Glance (OpenStack Image service) provides discovery, registration, and delivery services for server images and disks. Stored server images can be used as a template. It can be also used to store and catalog an infinite number of backups. Glance can store disk and server images in a variety of backends, including Swift. A standard Representational State Transfer (REST) interface is provided by Glance for querying information about disk images and enables clients to stream the disk images to new servers.

Glance, when integrated with existing infrastructure, enhances their performance. Integration with VMware enables advanced performance such as VMotion, the live migration of virtual machines (VMs) from one physical server to another, high availability, and dynamic resource scheduling (DRS).
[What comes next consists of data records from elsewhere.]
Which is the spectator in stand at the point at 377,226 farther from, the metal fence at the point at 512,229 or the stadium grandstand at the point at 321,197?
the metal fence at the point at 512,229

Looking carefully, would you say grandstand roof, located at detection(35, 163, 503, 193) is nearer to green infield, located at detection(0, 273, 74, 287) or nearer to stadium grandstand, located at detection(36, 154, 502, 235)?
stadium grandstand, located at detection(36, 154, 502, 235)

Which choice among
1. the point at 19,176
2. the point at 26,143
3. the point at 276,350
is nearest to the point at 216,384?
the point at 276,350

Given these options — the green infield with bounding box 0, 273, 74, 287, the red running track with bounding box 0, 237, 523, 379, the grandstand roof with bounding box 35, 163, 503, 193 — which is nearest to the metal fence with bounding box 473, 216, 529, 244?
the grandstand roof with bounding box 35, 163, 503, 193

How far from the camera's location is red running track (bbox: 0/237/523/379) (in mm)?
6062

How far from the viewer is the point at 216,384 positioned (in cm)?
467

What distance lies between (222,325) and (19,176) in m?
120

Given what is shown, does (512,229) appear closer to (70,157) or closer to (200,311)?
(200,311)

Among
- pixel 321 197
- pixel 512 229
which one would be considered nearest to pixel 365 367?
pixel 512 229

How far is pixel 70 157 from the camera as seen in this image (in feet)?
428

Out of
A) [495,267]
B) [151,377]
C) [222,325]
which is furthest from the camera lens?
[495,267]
Neutron (formerly known as Quantum) is the networking component of OpenStack. It manages networks and IP addresses. Starting with the Folsom release, Neutron is a supported and core part of the OpenStack platform. Like other component of the cloud operating system, administrators and users can utilize Neutron to increase the utilization of existing resources in a data center. Neutron provides Networking as a Service (NaaS) between interface devices (for instance vNICs), which are managed by other OpenStack services.

OpenStack Neutron provides networking models for different user groups or applications. Standard models include VLANs or flat networks for separation of network traffic among different servers. Neutron also manages IP addresses, which can provide dedicated static IPs or DHCP-based IP addressing. Floating IP addressing allows packet traffic to be dynamically rerouted to any of the computing nodes, which facilitates traffic redirection during VM migration, maintenance, or failure handling.
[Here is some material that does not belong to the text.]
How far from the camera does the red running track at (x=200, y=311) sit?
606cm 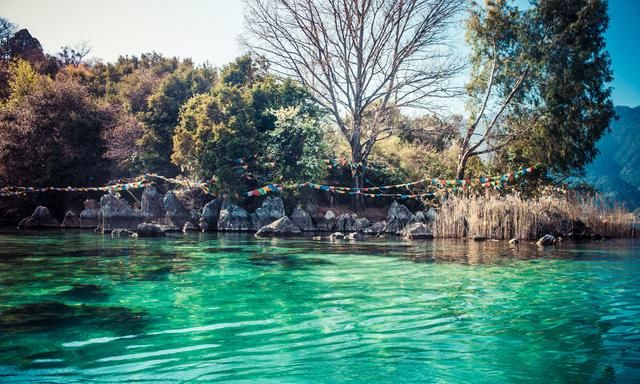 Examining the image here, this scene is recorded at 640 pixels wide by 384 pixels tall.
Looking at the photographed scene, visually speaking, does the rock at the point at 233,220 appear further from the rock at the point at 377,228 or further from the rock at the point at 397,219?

The extensible architecture of Neutron paves the way for additional network services, such as firewalls, intrusion detection systems (IDS), VPN, and load balancing to be deployed and managed. The networking component of OpenStack provides OpenStack's users with an API to construct rich networking topologies and configure advanced network policies to construct a multi-tier web application topology.

The modular structure of Neutron facilitates the development of innovative plugins, which introduce advanced network capabilities (such as L2-in-L3 tunneling to bypass the VLAN 4k limitation, end-to-end Quality of Service (QoS) guarantees, and utilization of monitoring protocols such as NetFlow and OpenFlow plugins). Besides, developers can develop advanced network services that integrate into the OpenStack tenant network using plugins. For instance, data-center-interconnect-aaS, IDS-aaS, firewall-aaS, VPN-aaS, and load-balancing-aaS are a few typical advanced services to mention. Using Neutron, users can create their own networks, control traffic, and connect servers and devices to one or more networks, while administrators can take advantage of SDN technology (for instance OpenFlow) to provide high levels of multi-tenancy and scalability.

Nova is the brain of the IaaS; it manages and automates the pool of resources. Nova also integrates with bare metal (using ironic), virtualization technologies, and HPC. Nova is based in Python and also utilizes extra external libraries including Eventlet, Kombu, and SQLAlchemy. Nova is dependent on Keystone, Glance, and Neutron for optimum performance.

Ceilometer is a data collection service that facilitates the normalization and transformation of data across all the OpenStack core components. Its primary targets are monitoring and metering, but the framework is expandable to collect usage for other needs.